Originally an online chronicle of Rivers’ performances and recording sessions, “The Sam Rivers Sessionography” is a mammoth, 768-page monster (it weighs more than six pounds), a chronicle of the life and career of Sam Rivers (1923-2011), from his birth in Oklahoma to his homegoing service. It’s easily the definitive source for information about a figure whose vast influence is only now coming into focus, and it’s hard to see anything surpassing it for a very long time, if for no other reason than no sane person would ever attempt such a thing.
So, what does that make Lopez (who, full disclosure, has been a friend for decades and for whom I proofread the book)? I’ll let him answer that.
“I’m obsessive,” he said on a video call, “about all kinds of stuff. It used to be cigarettes For a while It was cocaine, this and that. Being a vegetarian purist from hell and all kinds of other stuff.”

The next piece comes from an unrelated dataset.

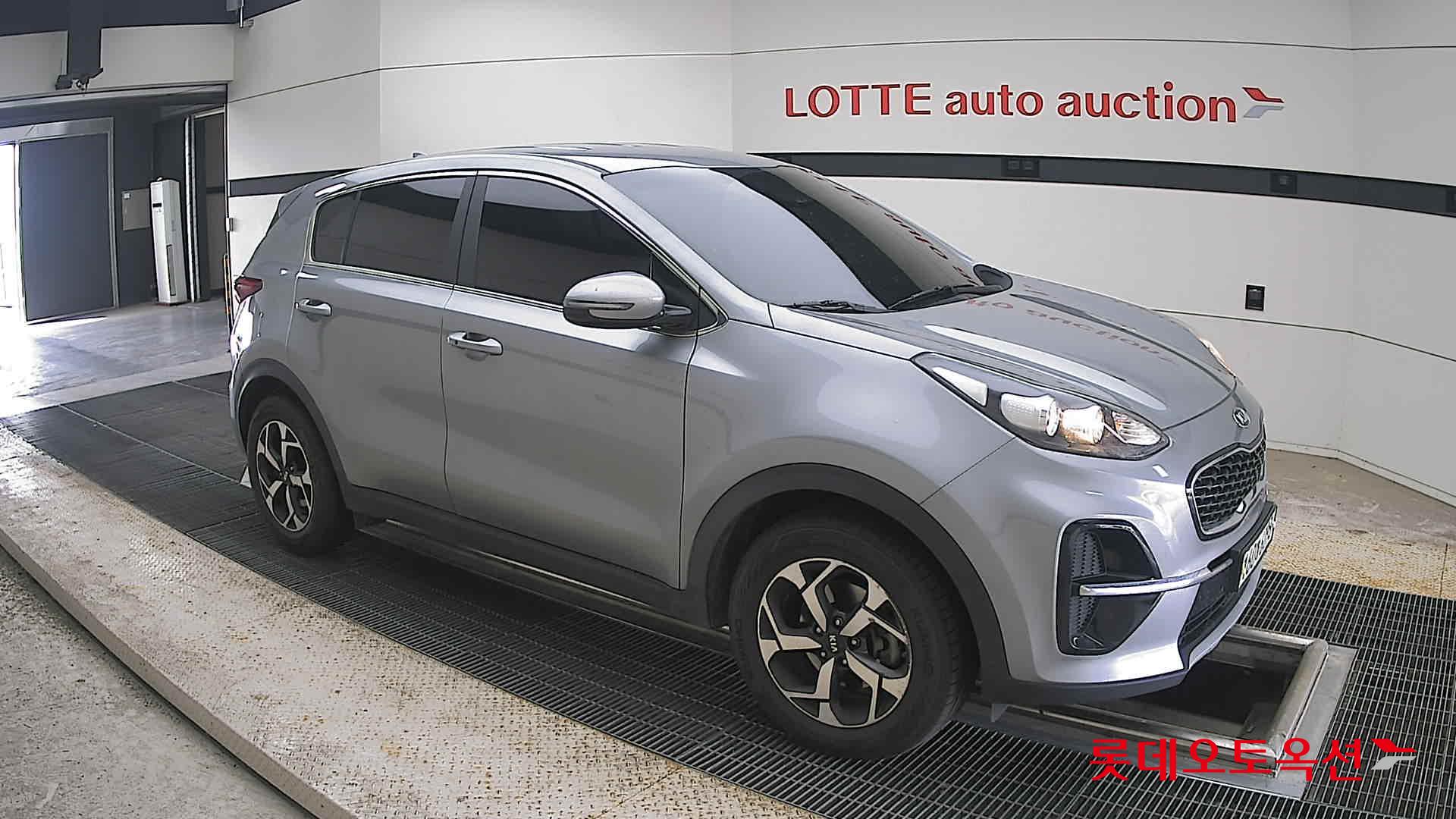 2022 - kia sportage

One of the things Lopez was obsessive about in the late ‘90s was the efflorescence of jazz newsgroups and mailing lists that blossomed in the pre-Web internet era. “One day, I e-mailed Alan Saul at the University of Pittsburgh, who was doing the Dolphy discography, and asked him where the Sam Rivers discography was. And he said, There isn’t one. And I said, Why not? And he said, Because no one’s done it yet.”
Lopez, 70, was not a scholar, nor even a high-school graduate (he has a GED). He is an autodidact and a musician who pursued both interests with the passion and yes, obsession, that seems to be centripetal force that keeps him going. So when Saul told him that anyone could become a discographer, Lopez dove in.
“So that day I wrote to Rivbea Incorporated down in Florida,” he said. “I got buried in emails and lists and information and leads, and Sam Rivers was thrilled that I wanted to do it because, you know, he’s always had that ‘people don’t appreciate me’ thing going on.”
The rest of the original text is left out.